2. Navigate to the job_scripts directory. For each foundation model, run the corresponding script to generate embeddings, calculate the distance metric between variant pairs, and store the results. bash python patho_[model_short_name].py The results for each model will be saved to a corresponding directory, for example: results_final/[model_short_name]_meanpool/.

3. To organize the results from all models and replicate our plots, navigate to the analysis directory and run: bash python patho_summary.py

5. TAD Region Recognition

This section describes the workflow for identifying Topologically Associating Domain (TAD) boundaries.

Datasets

The data for this task is located in data_processed/TAD/. This includes data downloaded from (https://console.cloud.google.com/storage/browser/basenji_hic/insulation) and the reference genome files required for sequence generation.

Experimental Pipeline

1. Preprocessing: First, run select_tads.py to choose the TAD regions for analysis. Then, run generate_seqs_from_tads.py and generate_seqs_random.py to generate the positive (TAD boundary) and negative (random non-boundary) DNA sequences.

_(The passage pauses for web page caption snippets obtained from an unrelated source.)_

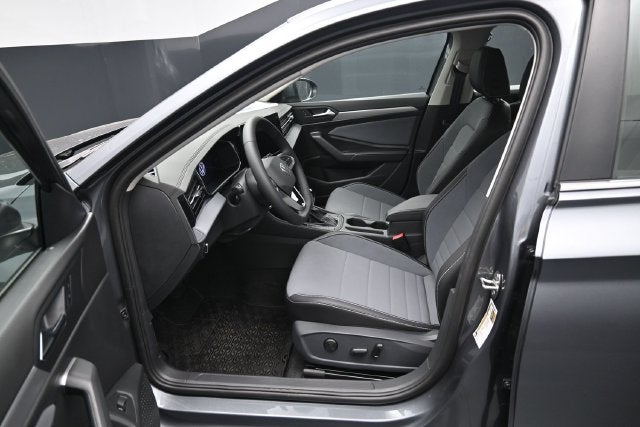2027 Volkswagen Jetta 1.5T SE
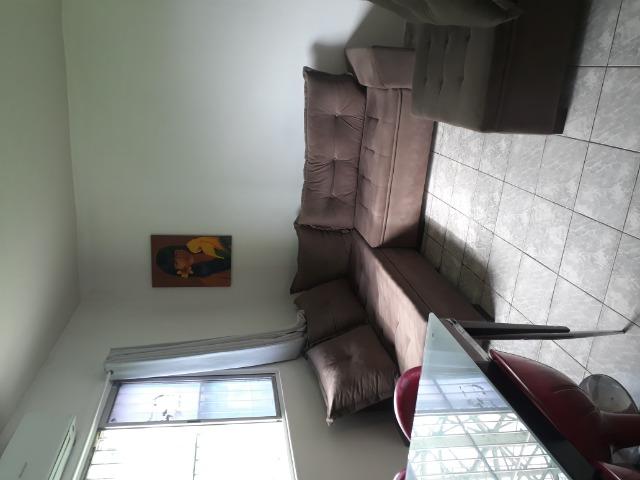 Vendo Apartamento Cond Minas Cuiabá com boa localização - Foto 5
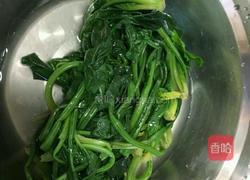 韩国杂菜的做法图解3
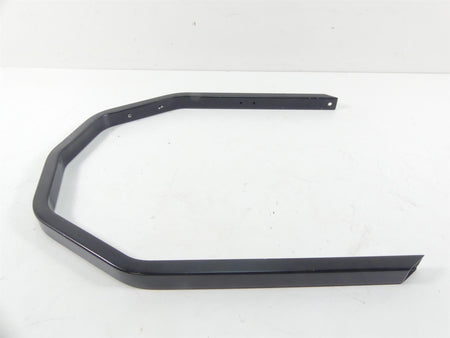 2012 Ski-Doo Summit X 800R Etec Front Bumper Crash Guard 502007116 {{ shop.shopifyCountryName }} - Mototech271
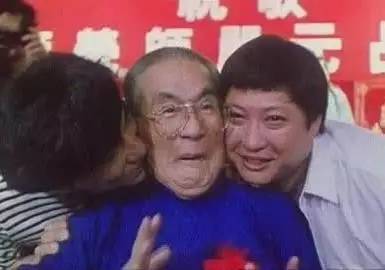 于占元，于占元视频(于占元还在吗)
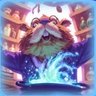 DiegoDoot 的头像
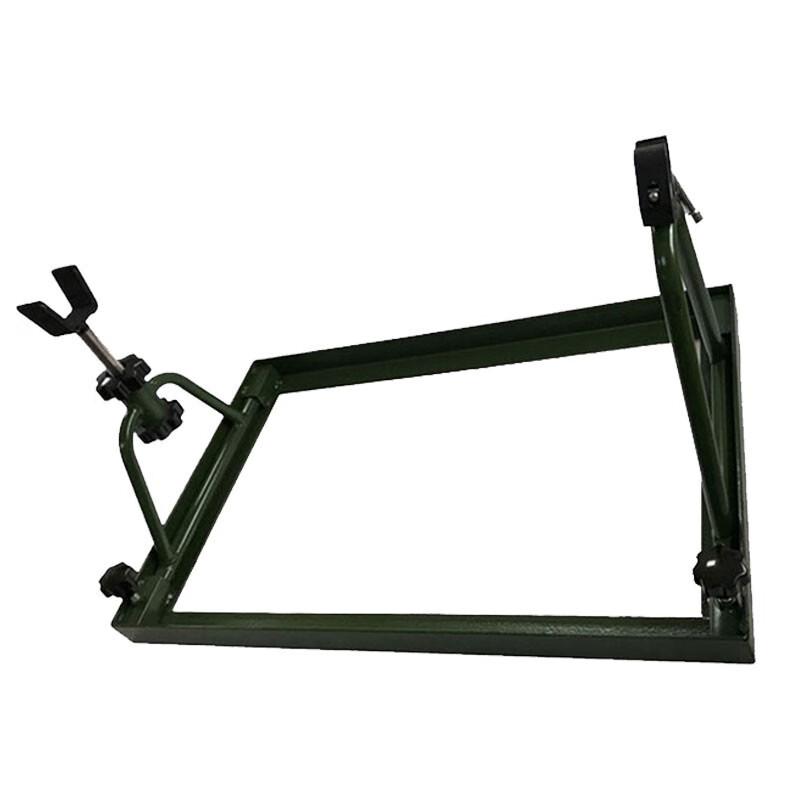 Iron Blood Order Four-Point Shooting Rest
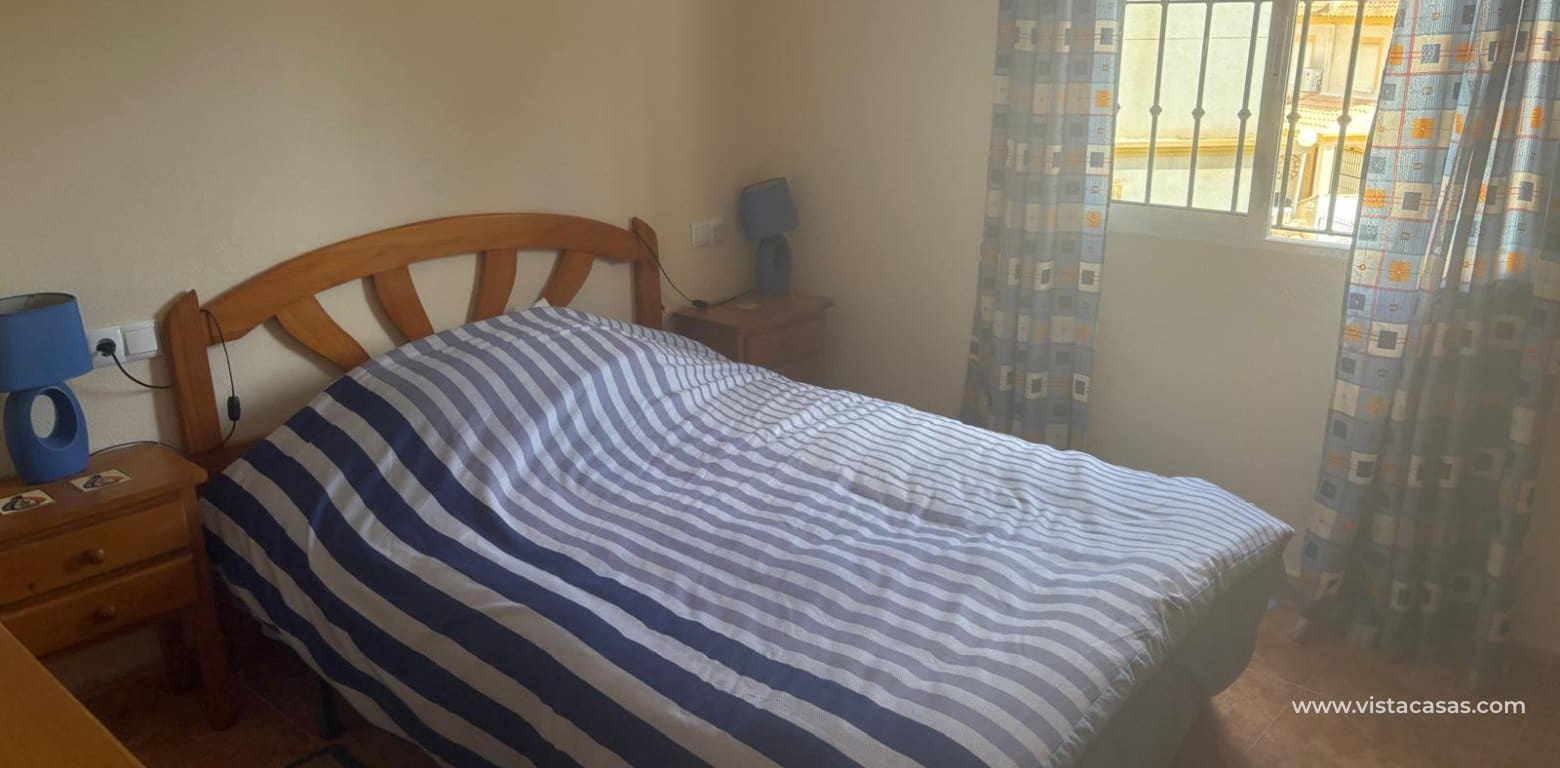 2 soverom Hus til salgs i Algorfa - € 139 950 (Ref: 9821172)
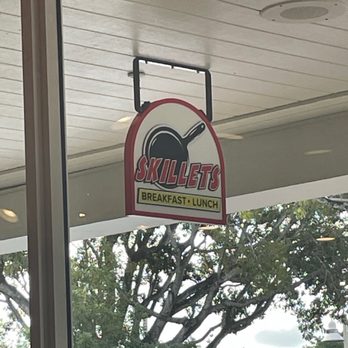 Skillets Restaurant - Breakfast & Brunch Near Me - Boca Raton, Florida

2. Embedding Generation: In job_scripts directory, run tad_ntv2.py to generate the embeddings for the sequences.

3. Analysis and Plotting: In analysis directory, and run tad_interpret.py to replicate the heatmap plot from our results.

6. Runtime Analysis

This section explains how to replicate the model runtime and throughput analysis.

1. Measure Runtimes: In job_scripts directory, for each foundation model, run its corresponding runtime script. bash python runtime_[model_short_name].py You are encouraged to modify parameters within the script, such as batch_size and sequence_length, or substitute different model checkpoints to test various configurations. The results will be saved to the runtimes/ folder.

2. Plotting: To visualize the results and replicate our comparison plot, navigate to the analysis directory and run the plotting script plot_runtime.py.

References

1. Zhou, Z. et al. DNABERT-2: Efficient Foundation Model and Benchmark For Multi-Species Genome. Preprint at https://doi.org/10.48550/arXiv.2306.15006 (2024).
2. Dalla-Torre, H. et al. Nucleotide Transformer: building and evaluating robust foundation models for human genomics. Nat Methods 22, 287–297 (2025).
3. Nguyen, E. et al. HyenaDNA: long-range genomic sequence modeling at single nucleotide resolution. In Proceedings of the 37th International Conference on Neural Information Processing Systems (2023).
4. Schiff, Y. et al. Caduceus: Bi-Directional Equivariant Long-Range DNA Sequence Modeling. Preprint at https://doi.org/10.48550/arXiv.2403.03234 (2024).
5. Sanabria, M., Hirsch, J., Joubert, P. M. & Poetsch, A. R. DNA language model GROVER learns sequence context in the human genome. Nat Mach Intell 6, 911–923 (2024).
6. Avsec, Ž. et al. Effective gene expression prediction from sequence by integrating long-range interactions. Nat Methods 18, 1196–1203 (2021).